“Dawning”

“Dawning” is a dark thriller that blends a story of childhood trauma with supernatural horror elements. While it doesn’t quite feel like a wholly cohesive project, writer / director Young Min Kim isn’t afraid to take risks for his film. The result is interesting, although it’s not completely successful.

Trauma therapist Jaejin Park (Kim Ellis) travels from New York City to visit her sister Soojin (Veronica Kim) on the family’s country farm in California. Soojin has just gone through a heartbreaking split with her significant other, and is appreciative of her sister coming to give comfort.

The two siblings have never really openly dealt with the tragic suicide of their father a decade earlier, and both deal with their childhood trauma in different ways. Soojin lives a life in isolation, feeling excessive resentment about being abandoned by her sister. Jaejin relies heavily on self-help books, but also suffers from horrifying night terrors. Those memories the women tried so hard to keep buried rise up during the visit, and they must deal with repressed trauma from their haunting past.

There are several secrets and twists that are revealed, and they dramatically change the trajectory of the narrative. There is so much more to the story — much more. The tone remains the same, from the extremely effective opening scene to the finale. But the horror elements fade as the film transitions into a familial drama.

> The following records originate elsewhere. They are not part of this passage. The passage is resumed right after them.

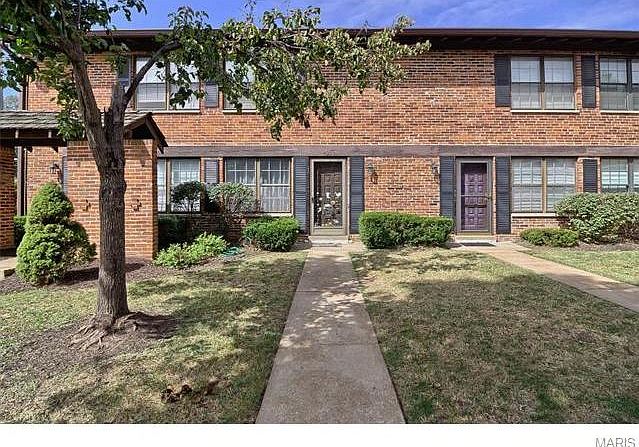 1st image of 7997 Royal Arms Ct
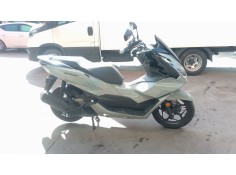 honda pcx del año 2023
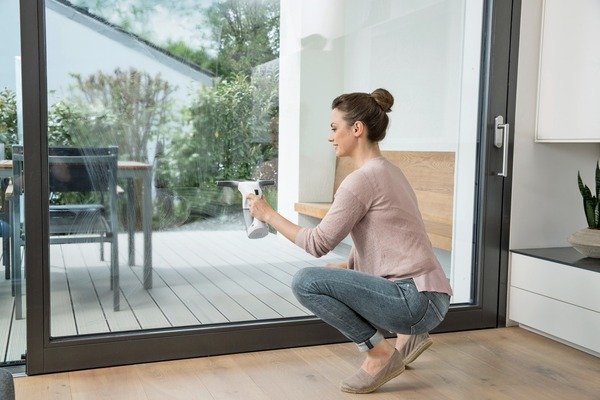 Пилосос для миття вікон Karcher WV 1 Plus white (1.633-202.0)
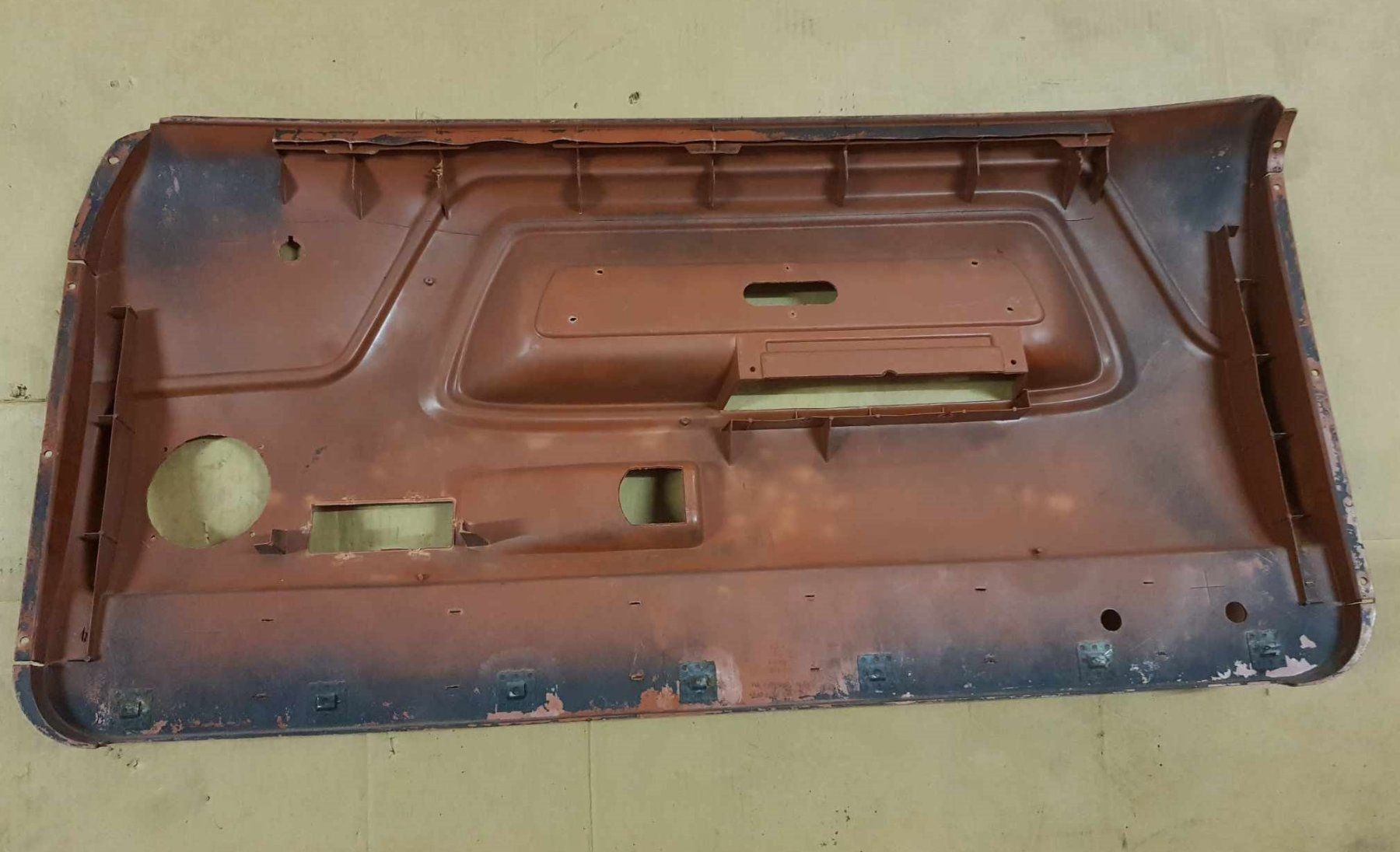 Dodge Tutti pezzi di ricambio auto: 70-74 Dodge Challenger   Door Panels – Usato da Niedergösgen venduto da usc_8qc6 3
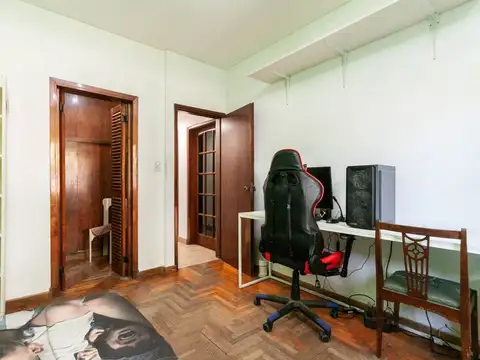 CASA EN VENTA 4/5 AMBIENTES CON COCHERA BURZACO
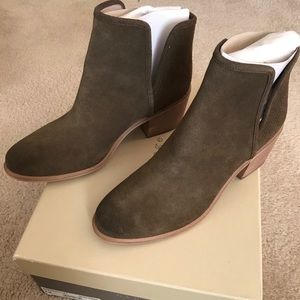 Hinge HGBarris-Lea booties
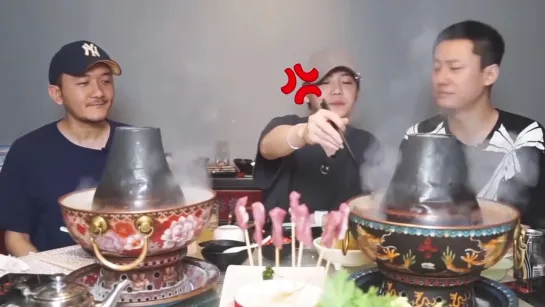 【LUHAN MUKBANG】Beijing hotpot 01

The film is beautifully visualized and directed, and the cast is talented. The script is where the project stumbles. The dialogue between the two sisters doesn’t feel natural. They speak in a way that’s too rigid and clinical, which hurts the authenticity. It’s a minor criticism that’s frustrating nonetheless.

Where the film excels is as a psychological thriller that visualizes grief, trauma, depression, and mental illness. It expresses a cycle from which it’s so difficult to break free, and conveys how it is never easy to gain the courage to face a past filled with so much darkness. “Dawning” captures the difficulty of and the power in finally letting go.